Chris Mathews just noted that Trump used “slings and arrows” in his rally today, quoting Hamlet. Chris, amused, says “my God, who is this guy quoting Hamlet” and then he went on from memory to recite the verses above. Watch video clip of Trump here.
Trump said "I take all of these slings and arrows gladly; so we can have our country back.”
In other words, he is saying he will take all the weapons being thrown at him to save the country for his supporters. He want to convert the image of standing up to “malicious attacks,” as he called them, like a soldier in ancient times being bombarded by rock and arrows.
What Chris Mathews didn’t say is that Trump has no idea what Hamlet was talking about.
Hamlet says these lines feeling so despondent that he is contemplating suicide and his own death, and wondering whether death — perchance to dream — would be worse than living.
The “to be or not to be” soliloquy is the most famous from all of Shakespeare, if not the most well known from all of literature.
Here’s what educator William Delaney has to say about why this is:
I think it is entirely possible that Shakespeare wrote the “To be or not to be” soliloquy as a separate piece expressing his own personal feelings about life and death and then put it away in the bottom drawer, as writers will do, until he found a convenient spot for it when he was writing his play Hamlet. What is important in this soliloquy, and what explains its great popularity, is the truths it tells about human existence, not what it reveals about the character of the moody Prince. We have all personally experienced some of the slings and arrows Hamlet complains about, just by being alive and having to deal with people and struggle to keep a niche in the crowded, competitive world. And we have all felt discouraged and wondered whether existence was really worth the trouble. Reference
Another explanation:
What Hamlet is musing on is the comparison between the pain of life, which he sees as inevitable (the sea of troubles - the slings and arrows - the heart-ache - the thousand natural shocks) and the fear of the uncertainty of death and of possible damnation of suicide.
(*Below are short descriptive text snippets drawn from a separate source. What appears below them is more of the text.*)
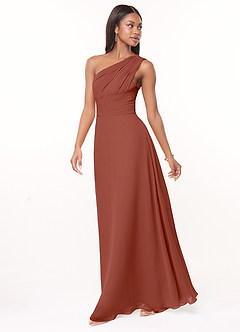 Azazie Ashley Bridesmaid Dresses Auburn A-Line Ruched Chiffon Dress image4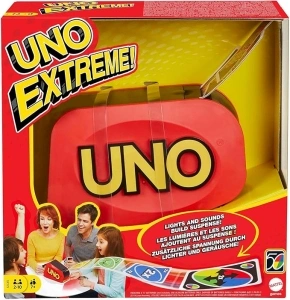 Mattel Games UNO Extreme, Family Card Game for Kids and Adults for Party Game Night, Card Launcher Twist on UNO Card Game, 2 to 10 Players, Ages 7 and Up, GXY75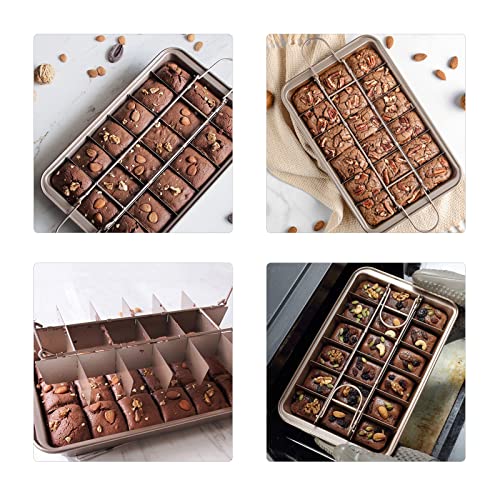 Non-Stick Brownie Pan with Dividers - 18 Slice Carbon Steel Baking Tray for Oven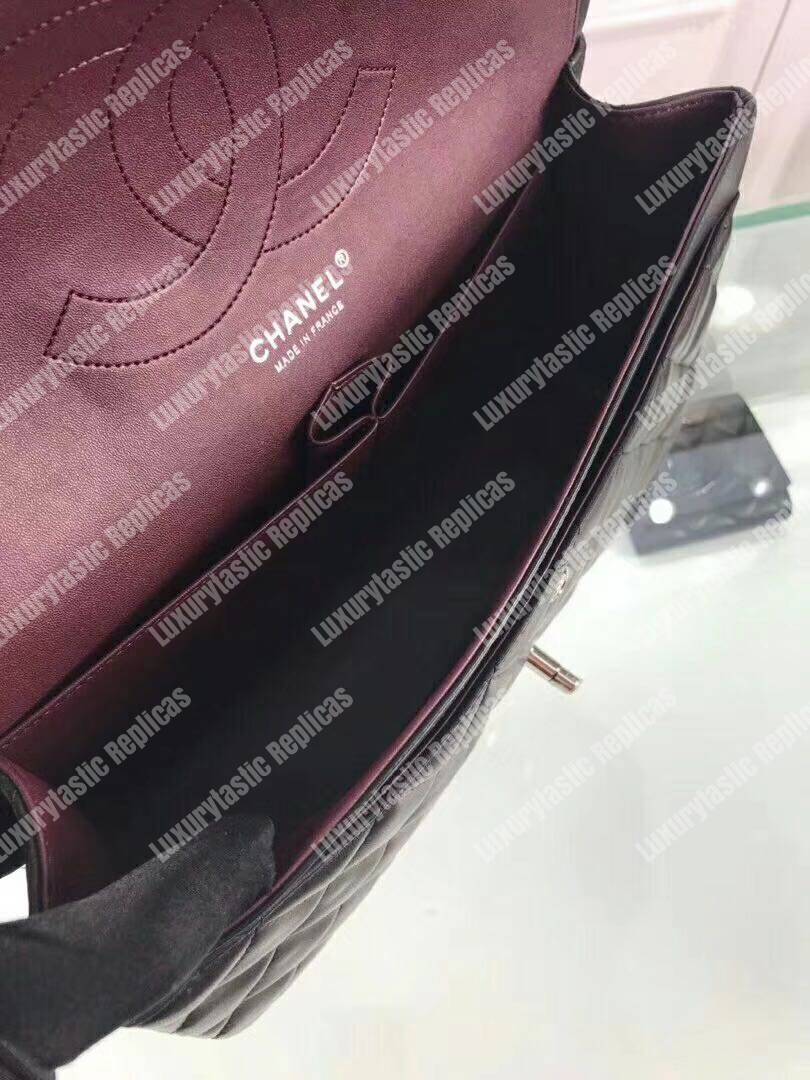 Ch*el classic jumbo double flap bag black silver hardware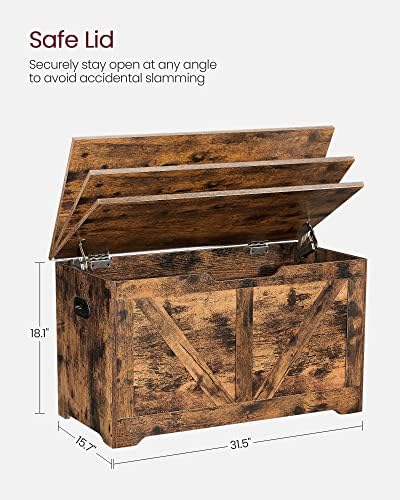 vasagle storage chest with 2 safety hinges, 15.7, close-up detail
Hamlet's dilemma is that although he is dissatisfied with life and lists its many torments, he is unsure what death may bring (the dread of something after death). He can't be sure what death has in store; it may be sleep but in perchance to dream he is speculating that it is perhaps an experience worse than life. Death is called the undiscover'd country from whichno traveller returns. In saying that Hamlet is acknowledging that, not only does each living person discover death for themselves, as no one can return from it to describe it, but also that suicide os a one-way ticket. If you get the judgment call wrong, there's no way back. www.phrases.org.uk/...
Trump quoting Shakespeare is insane enough. His not knowing what the hell he is talking about is Trump being Trump.